▶
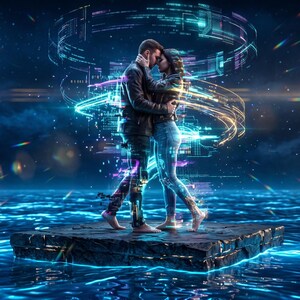 May include: A digital art piece depicting two figures standing on a dark stone platform amidst a glowing blue ocean at night. The figures are surrounded by swirling holographic data streams, light trails, and a crescent moon in the dark sky.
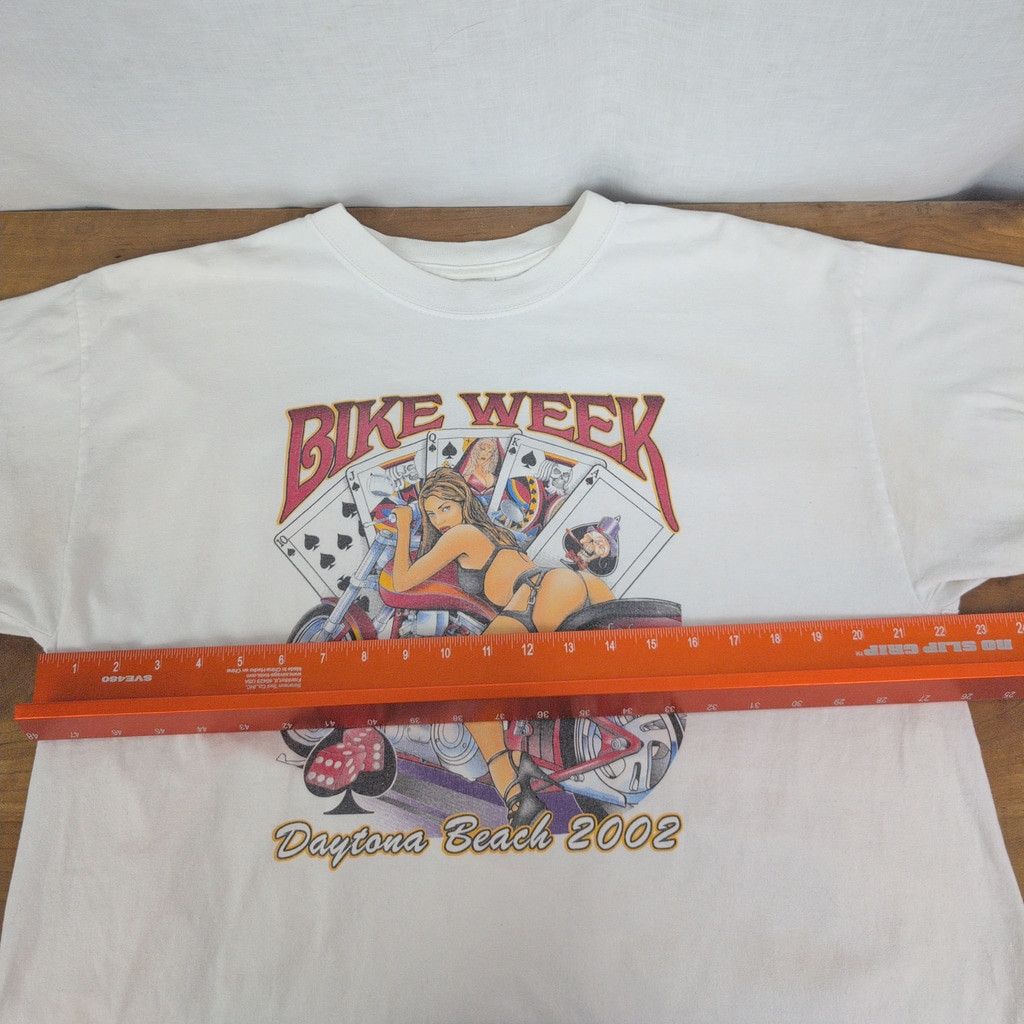 Gildan × Vintage 2002 Daytona Bike Week Lady Luck Pin Up T Shirt XL Size US XL / EU 56 / 4 - 6 Thumbnail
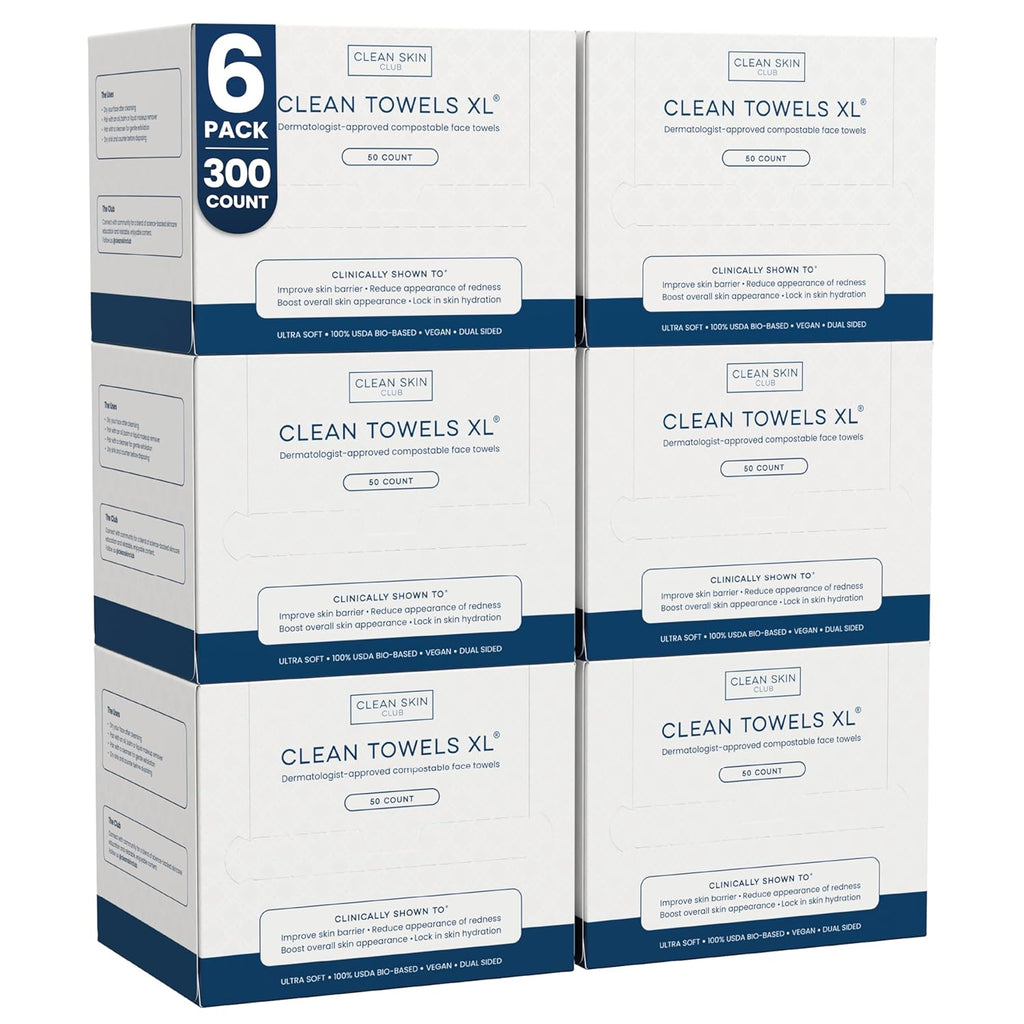 Clean Skin Club Clean Towels XL®, 100% USDA Biobased Face Towel, Disposable Face Towelette, Eczema Association Accepted, Makeup Remover Dry Wipes, Ultra Soft, 1 Pack, 50 Ct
◀
- _Exercise_: Would you return the material exactly, images excluded?

- _Your response_:
 May include: A digital art piece depicting two figures standing on a dark stone platform amidst a glowing blue ocean at night. The figures are surrounded by swirling holographic data streams, light trails, and a crescent moon in the dark sky.
 Gildan × Vintage 2002 Daytona Bike Week Lady Luck Pin Up T Shirt XL Size US XL / EU 56 / 4 - 6 Thumbnail
 Clean Skin Club Clean Towels XL®, 100% USDA Biobased Face Towel, Disposable Face Towelette, Eczema Association Accepted, Makeup Remover Dry Wipes, Ultra Soft, 1 Pack, 50 Ct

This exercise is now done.